José Eduardo Ferreira da Silva  

Roberto Ribeiro Baldino

Introduction

The literature about mathematics education seems to indicate a discontinuity between the arithmetic and algebraic domains. Filloy & Rojano [1989] consider “cut points” separating the two kinds of thinking; Linchevski & Herscovics [1996] indicate a “cognitive gap” that they endeavor to “cross” and overcome”; Schmidt&Bednarz [1995:84] refer to a “dichotomy” between arithmetic and algebra. Kieran [1981] distinguishes between arithmetical and algebraic uses of the equality sign.

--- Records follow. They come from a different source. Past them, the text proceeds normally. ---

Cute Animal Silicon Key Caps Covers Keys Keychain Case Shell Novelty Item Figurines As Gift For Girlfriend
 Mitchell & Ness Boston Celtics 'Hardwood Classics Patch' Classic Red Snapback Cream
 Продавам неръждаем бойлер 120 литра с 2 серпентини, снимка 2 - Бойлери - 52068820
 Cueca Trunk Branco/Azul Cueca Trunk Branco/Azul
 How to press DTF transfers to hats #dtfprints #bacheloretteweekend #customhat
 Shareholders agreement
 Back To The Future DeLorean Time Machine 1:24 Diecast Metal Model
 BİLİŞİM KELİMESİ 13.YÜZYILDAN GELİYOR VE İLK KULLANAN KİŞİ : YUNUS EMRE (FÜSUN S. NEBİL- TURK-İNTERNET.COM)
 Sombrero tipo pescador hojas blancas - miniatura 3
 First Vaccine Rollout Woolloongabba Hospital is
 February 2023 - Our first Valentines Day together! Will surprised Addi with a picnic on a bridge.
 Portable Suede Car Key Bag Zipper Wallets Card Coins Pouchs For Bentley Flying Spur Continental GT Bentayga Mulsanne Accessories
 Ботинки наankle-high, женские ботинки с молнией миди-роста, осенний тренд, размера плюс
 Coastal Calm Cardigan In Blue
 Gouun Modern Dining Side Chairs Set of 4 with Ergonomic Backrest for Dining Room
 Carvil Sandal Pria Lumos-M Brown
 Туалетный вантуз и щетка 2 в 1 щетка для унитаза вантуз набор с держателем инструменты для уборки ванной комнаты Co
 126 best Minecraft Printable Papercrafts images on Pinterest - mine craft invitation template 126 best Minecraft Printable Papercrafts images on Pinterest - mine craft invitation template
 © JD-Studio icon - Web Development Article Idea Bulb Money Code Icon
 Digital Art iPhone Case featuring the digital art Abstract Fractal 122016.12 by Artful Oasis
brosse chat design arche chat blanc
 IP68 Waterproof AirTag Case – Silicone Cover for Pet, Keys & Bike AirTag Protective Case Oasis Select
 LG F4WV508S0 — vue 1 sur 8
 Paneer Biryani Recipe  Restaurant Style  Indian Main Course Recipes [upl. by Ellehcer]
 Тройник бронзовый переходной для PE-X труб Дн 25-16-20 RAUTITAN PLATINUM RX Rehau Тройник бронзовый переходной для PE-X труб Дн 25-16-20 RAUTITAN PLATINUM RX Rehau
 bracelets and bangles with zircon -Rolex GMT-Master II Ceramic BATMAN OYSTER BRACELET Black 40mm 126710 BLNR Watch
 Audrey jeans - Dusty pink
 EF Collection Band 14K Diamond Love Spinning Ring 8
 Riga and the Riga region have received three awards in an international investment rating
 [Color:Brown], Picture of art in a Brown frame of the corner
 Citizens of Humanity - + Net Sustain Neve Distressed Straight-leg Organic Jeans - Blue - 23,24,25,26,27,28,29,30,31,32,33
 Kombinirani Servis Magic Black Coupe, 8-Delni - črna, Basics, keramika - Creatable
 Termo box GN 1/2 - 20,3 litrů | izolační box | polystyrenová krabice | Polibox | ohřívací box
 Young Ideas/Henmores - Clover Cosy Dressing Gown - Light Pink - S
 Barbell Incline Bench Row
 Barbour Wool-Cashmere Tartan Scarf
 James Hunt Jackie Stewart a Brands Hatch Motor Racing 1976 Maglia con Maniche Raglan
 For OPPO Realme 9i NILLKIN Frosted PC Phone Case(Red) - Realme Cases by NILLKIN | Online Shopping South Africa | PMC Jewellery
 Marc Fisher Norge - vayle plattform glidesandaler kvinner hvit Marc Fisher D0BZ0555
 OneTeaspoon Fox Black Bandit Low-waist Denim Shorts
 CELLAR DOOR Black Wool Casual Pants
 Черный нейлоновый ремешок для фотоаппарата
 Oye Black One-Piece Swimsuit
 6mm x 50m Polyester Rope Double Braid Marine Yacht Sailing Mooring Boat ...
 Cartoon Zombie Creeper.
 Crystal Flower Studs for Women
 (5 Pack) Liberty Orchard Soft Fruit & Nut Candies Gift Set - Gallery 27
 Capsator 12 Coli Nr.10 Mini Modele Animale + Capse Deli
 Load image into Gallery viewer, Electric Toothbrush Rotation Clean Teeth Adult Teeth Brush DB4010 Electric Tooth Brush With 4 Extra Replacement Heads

However, the vocabulary used to express the relation arithmetic/algebra also  indicates continuity. At least in one case the word continuity appears explicitly: the Argentinean school programs “emphasize continuity with arithmetic” [Panizza,  Sadovski & Sessa, 1996:107]. Continuity is also hinted by signifiers such as “progress” (from informal to formal level of doing algebra) [Reeuwijk, 1995:1-143], “transition” (from arithmetic process-oriented thinking to proceptual algebraic thinking) [Graham & Thomas, 1997:10], “evolution” (from arithmetic to algebraic language) [Filloy & Rojano, 1989:19], “transition from arithmetic to algebra” [Bouton-Lewis et al 1997:185]. In spite of arguments that “algebra cannot be considered as a arithmetical generalization” [Bodin&Capponi, 1996: 587],  expressions denoting continuity like “generalized arithmetic” are still current [Wong, 1997:285, Graham & Thomas, 1997:9, Sfard & Linchevski, 1994:195,7, Kutscher & Linchevski, 1997:169].

 The aim of this paper is 1) to argue that the discontinuity between arithmetic and algebra and, in general, between operational and structural ways of thinking [Sfard, 1991], is more radical than announced by words such as “cut”, “gap”, “dichotomy” or “duality”; 2) to argue that attempts to teach algebra starting from arithmetic [Linchevski & Herscovics, 1996] lead to difficulties, if not to impossibility; 3) to argue in behalf of a  manipulative-computerized puzzle to solve linear systems of two equations in two unknowns to teach introductory algebra courses.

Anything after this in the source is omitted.